**Input data:**
------------------------

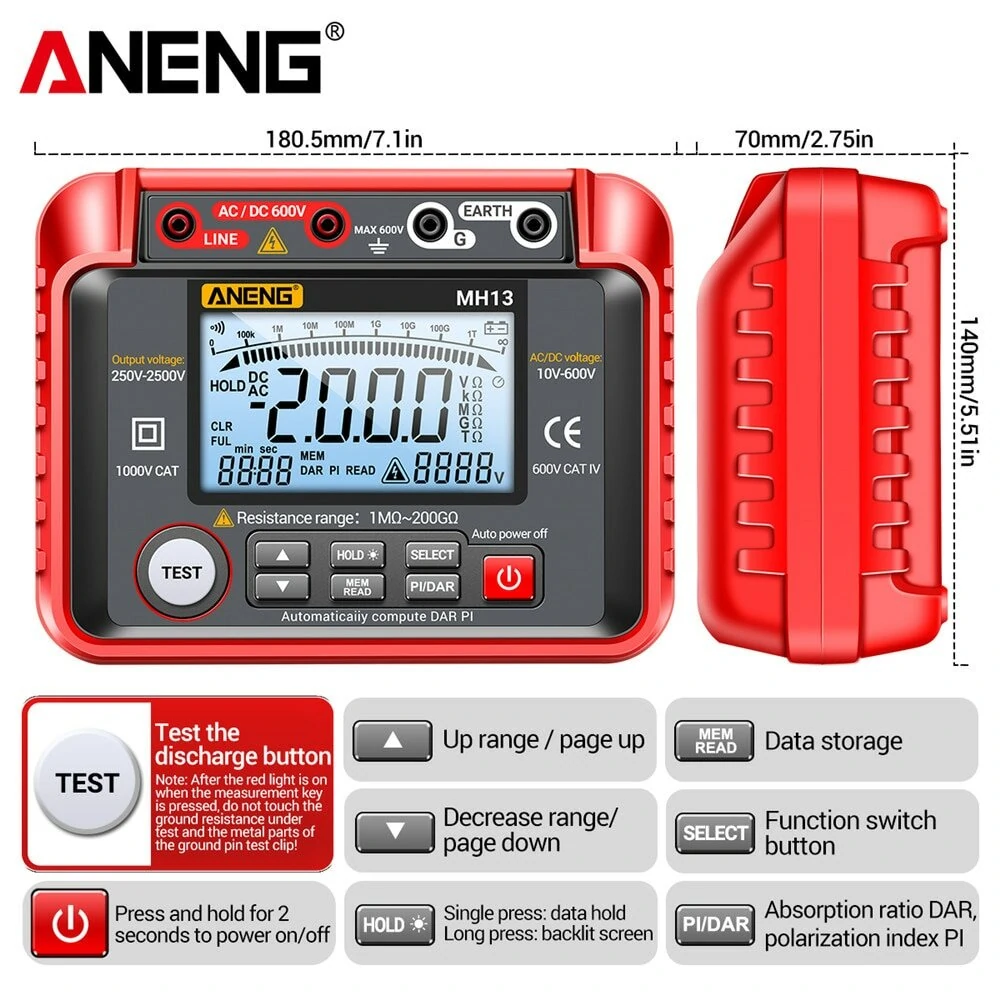 ANENG MH13 Megohmmeter Ohm Tester Digital Multimeter Megometro Insulation Earth High Voltage Resistance Meter Tester Tool — view 6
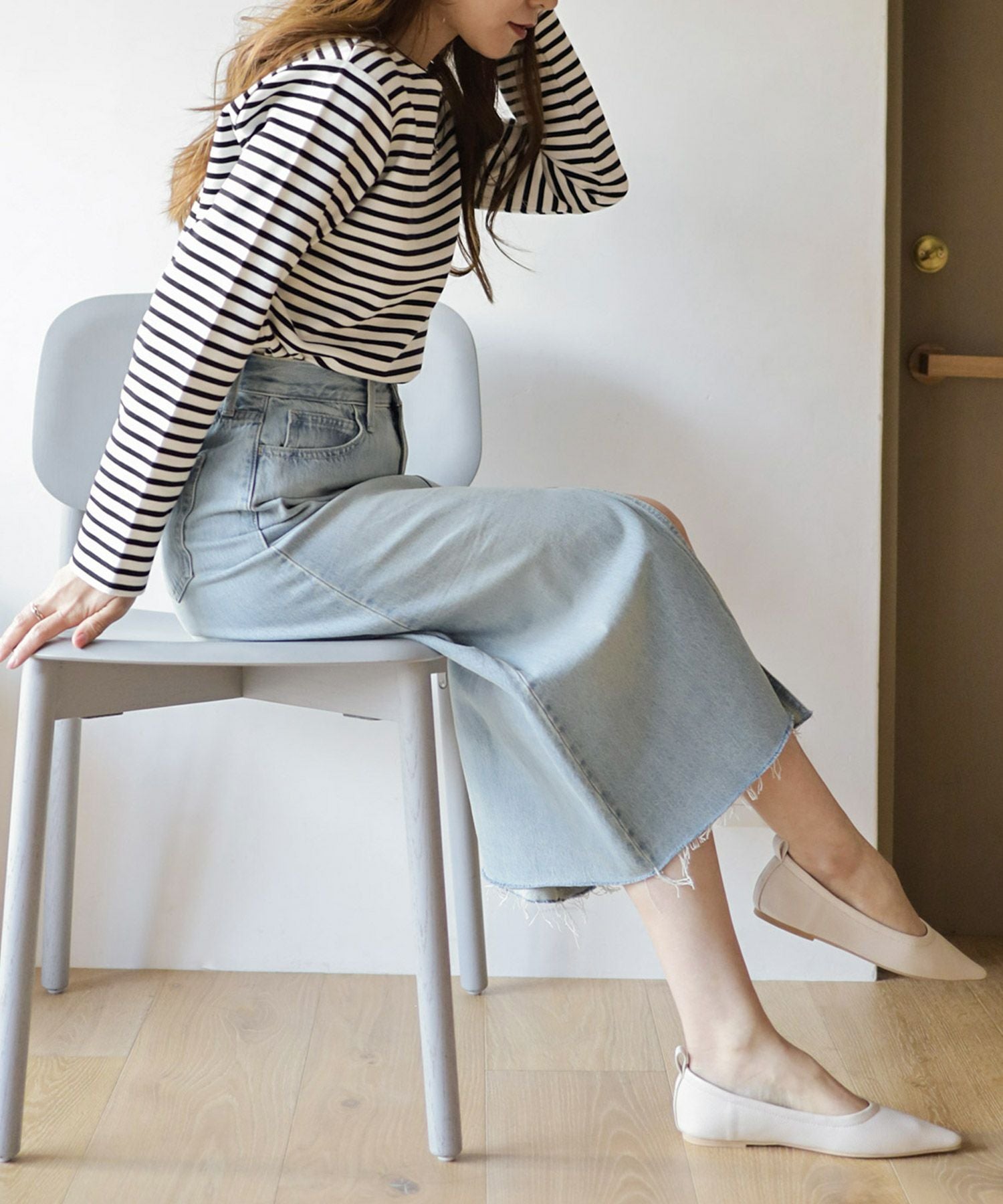 柔らか素材ポインテッドトゥフラットパンプス 一部4月上旬入荷予定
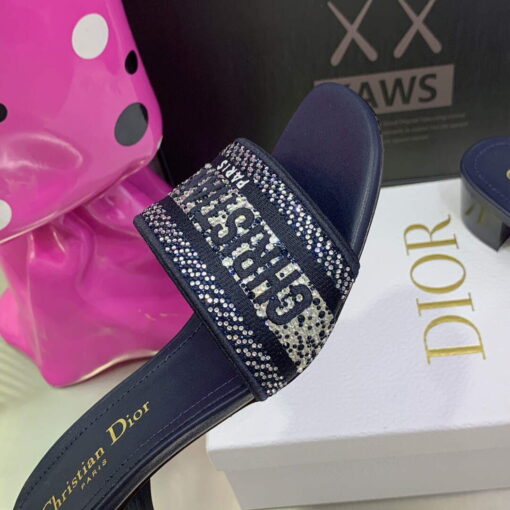 Replica Dior Women’s Shoes Dway Heeled Slide Metallic Thread Strass KCQ244LCS Navy blue 7
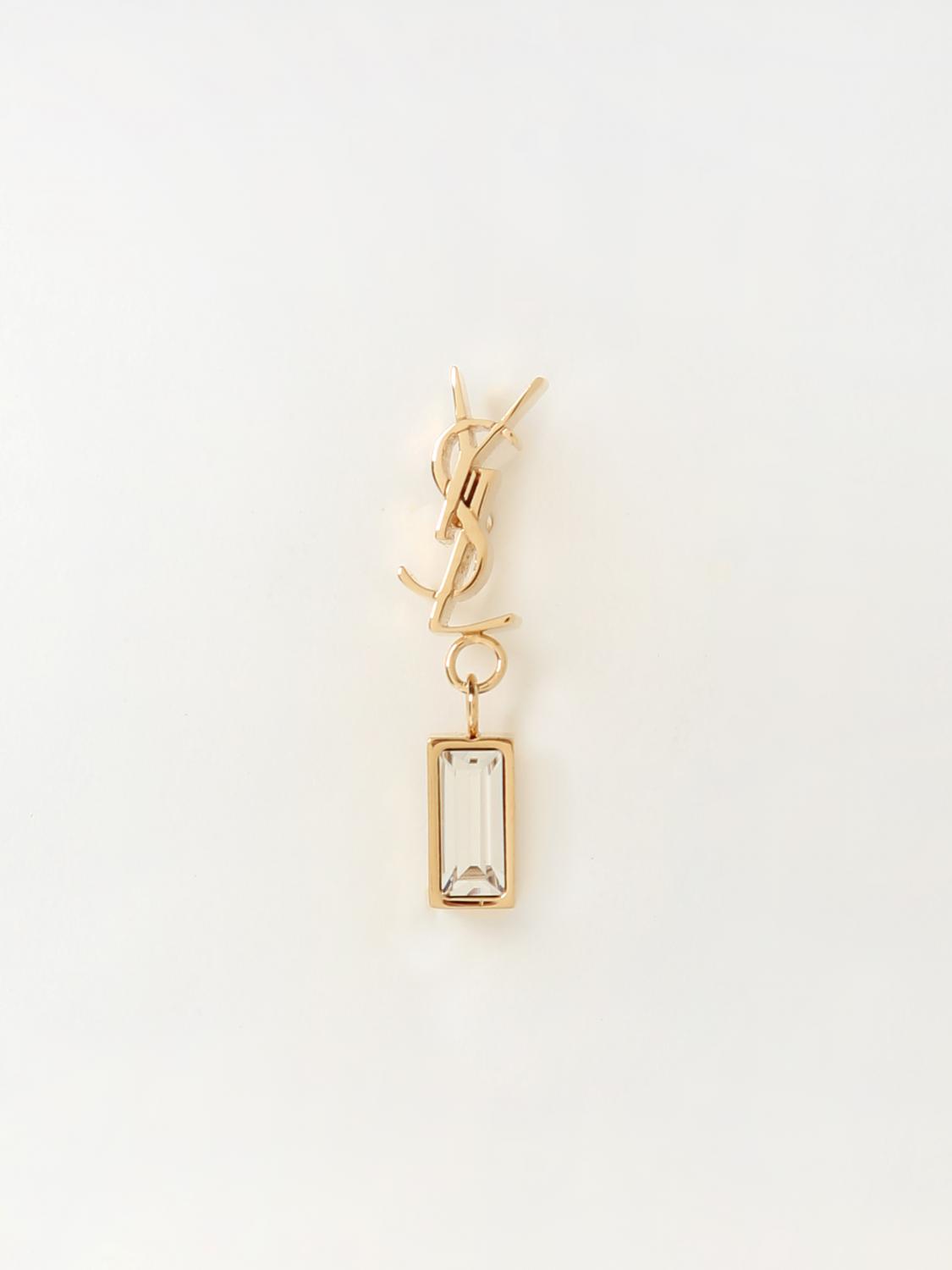 SAINT LAURENT GIOIELLO: Orecchino Saint Laurent in ottone con strass incastonato , Oro - Img 1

------------------------

**Exercise requirements:** Reproduce, exactly and without pictures, the lines above from the one containing "Replica Dior Women’s" through the last line of the material, both ends included, and nothing more.

**Your solution:**
 Replica Dior Women’s Shoes Dway Heeled Slide Metallic Thread Strass KCQ244LCS Navy blue 7
 SAINT LAURENT GIOIELLO: Orecchino Saint Laurent in ottone con strass incastonato , Oro - Img 1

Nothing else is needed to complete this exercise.